YOUR INSTRUCTIONS:
Using the records below, write out again exactly the lines that begin at the line containing "Minatare Wrestling - Old" and end at the line containing "黑色立體紋機身貼 (含上蓋貼、鍵盤週圍貼) DIY包膜", and no other lines.

SUPPLIED DATA:
Start of Block

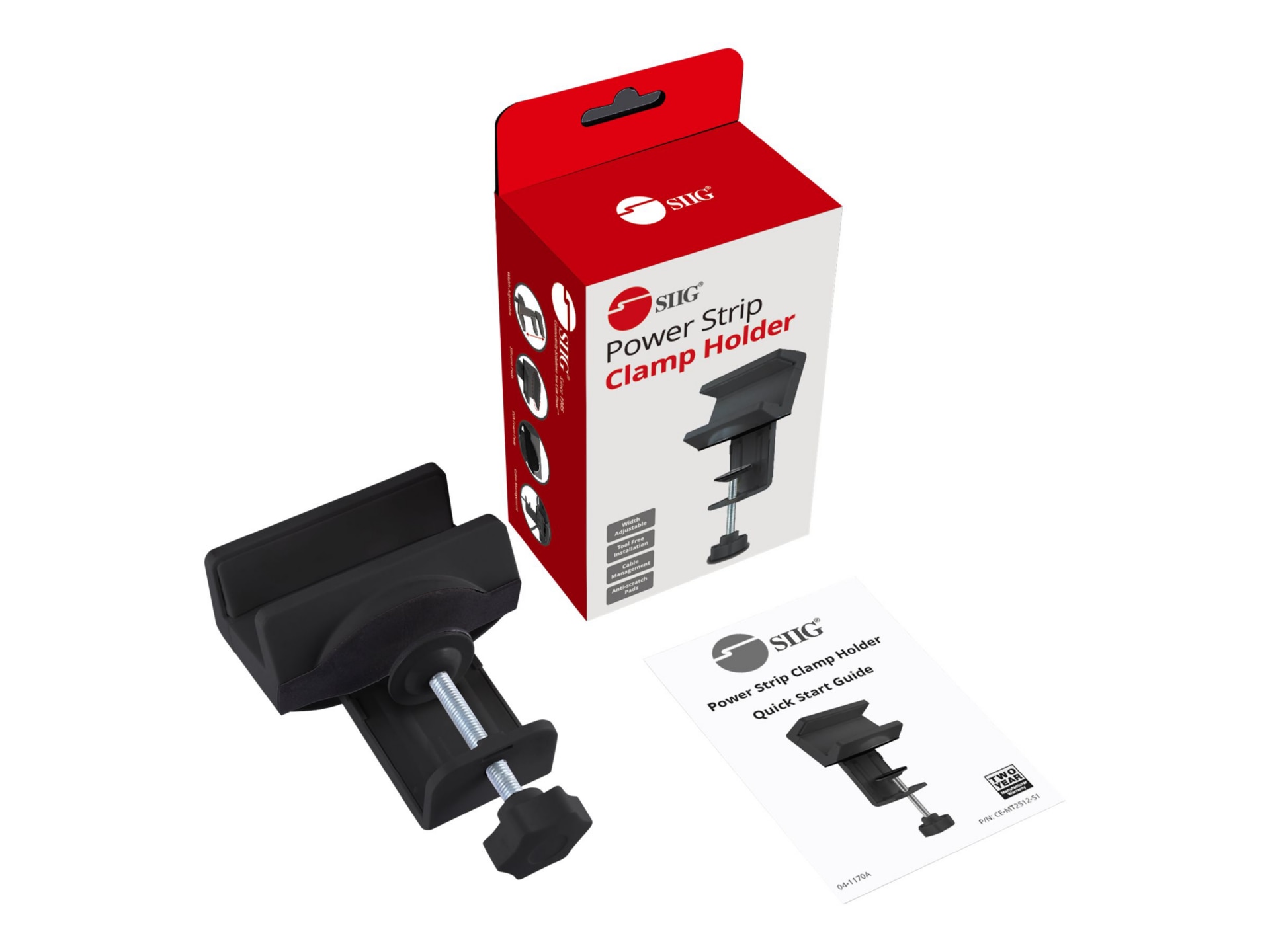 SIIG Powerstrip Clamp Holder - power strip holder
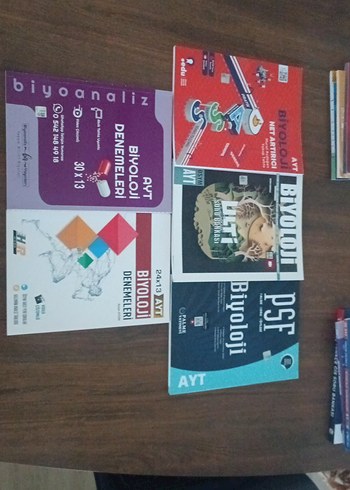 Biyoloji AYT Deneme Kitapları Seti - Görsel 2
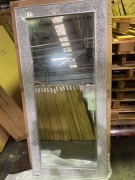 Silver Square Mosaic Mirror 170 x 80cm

End of Block
Start of Block

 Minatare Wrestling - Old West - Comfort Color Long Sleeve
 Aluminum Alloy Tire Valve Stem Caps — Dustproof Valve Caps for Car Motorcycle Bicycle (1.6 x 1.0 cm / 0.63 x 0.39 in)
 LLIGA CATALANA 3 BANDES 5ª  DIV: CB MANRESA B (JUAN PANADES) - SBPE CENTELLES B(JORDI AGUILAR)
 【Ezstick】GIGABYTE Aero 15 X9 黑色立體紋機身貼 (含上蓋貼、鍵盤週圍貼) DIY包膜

End of Block

TASK RESULT:
 Minatare Wrestling - Old West - Comfort Color Long Sleeve
 Aluminum Alloy Tire Valve Stem Caps — Dustproof Valve Caps for Car Motorcycle Bicycle (1.6 x 1.0 cm / 0.63 x 0.39 in)
 LLIGA CATALANA 3 BANDES 5ª  DIV: CB MANRESA B (JUAN PANADES) - SBPE CENTELLES B(JORDI AGUILAR)
 【Ezstick】GIGABYTE Aero 15 X9 黑色立體紋機身貼 (含上蓋貼、鍵盤週圍貼) DIY包膜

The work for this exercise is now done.